- WORK ITEM: From the line that contains "I found the" down to the last line of the listing below, reproduce each line exactly but not the pictures.

- EXERCISE DATA:
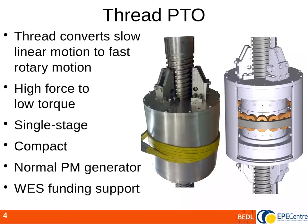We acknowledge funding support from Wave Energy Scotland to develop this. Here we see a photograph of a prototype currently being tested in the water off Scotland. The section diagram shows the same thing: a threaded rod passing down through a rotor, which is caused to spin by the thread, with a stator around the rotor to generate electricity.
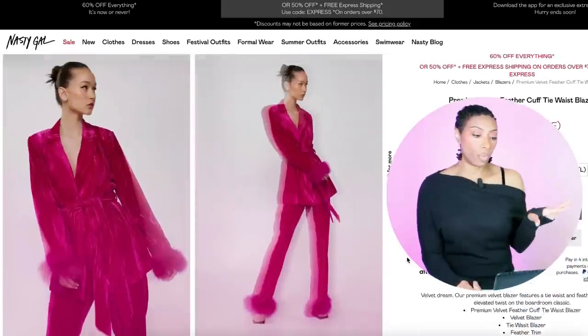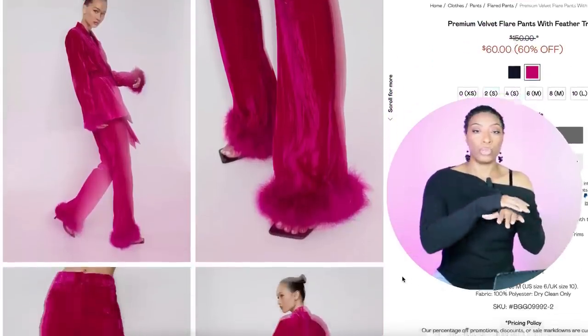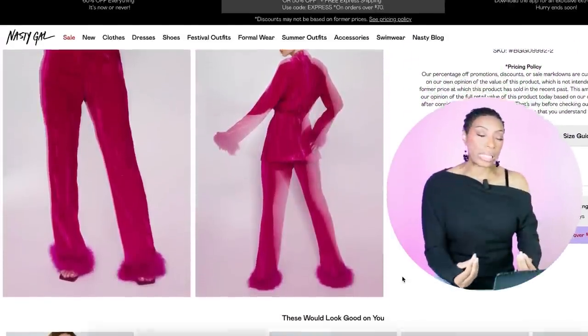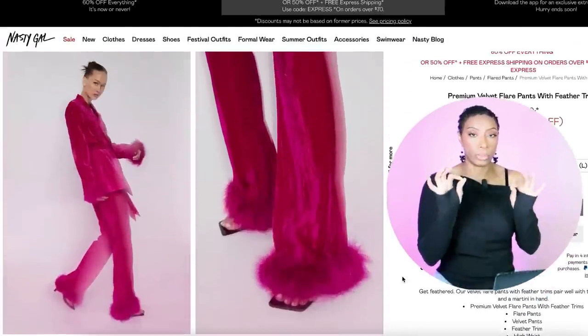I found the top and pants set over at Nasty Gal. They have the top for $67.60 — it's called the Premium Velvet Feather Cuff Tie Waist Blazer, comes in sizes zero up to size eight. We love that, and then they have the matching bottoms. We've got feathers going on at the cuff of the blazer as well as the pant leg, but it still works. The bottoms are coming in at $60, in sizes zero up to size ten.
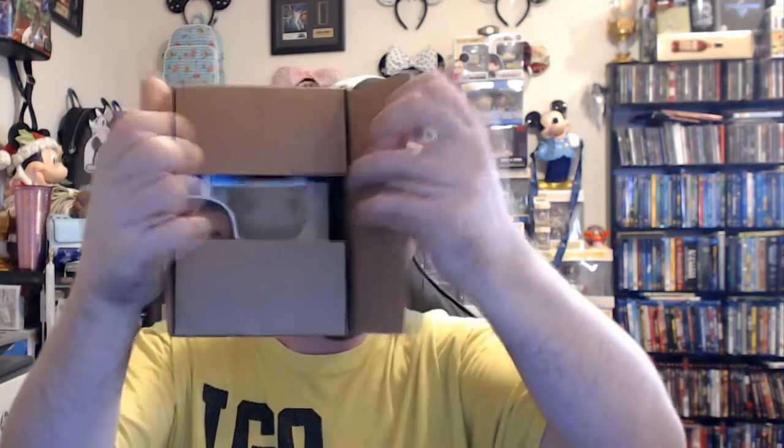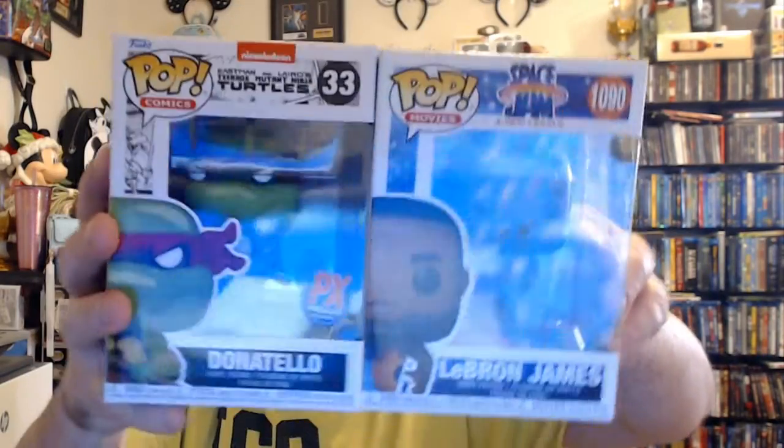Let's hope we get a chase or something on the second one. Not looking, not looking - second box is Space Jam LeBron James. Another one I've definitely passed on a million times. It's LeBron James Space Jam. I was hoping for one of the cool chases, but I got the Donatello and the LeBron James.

- TASK RESULT:
I found the top and pants set over at Nasty Gal. They have the top for $67.60 — it's called the Premium Velvet Feather Cuff Tie Waist Blazer, comes in sizes zero up to size eight. We love that, and then they have the matching bottoms. We've got feathers going on at the cuff of the blazer as well as the pant leg, but it still works. The bottoms are coming in at $60, in sizes zero up to size ten.
Let's hope we get a chase or something on the second one. Not looking, not looking - second box is Space Jam LeBron James. Another one I've definitely passed on a million times. It's LeBron James Space Jam. I was hoping for one of the cool chases, but I got the Donatello and the LeBron James.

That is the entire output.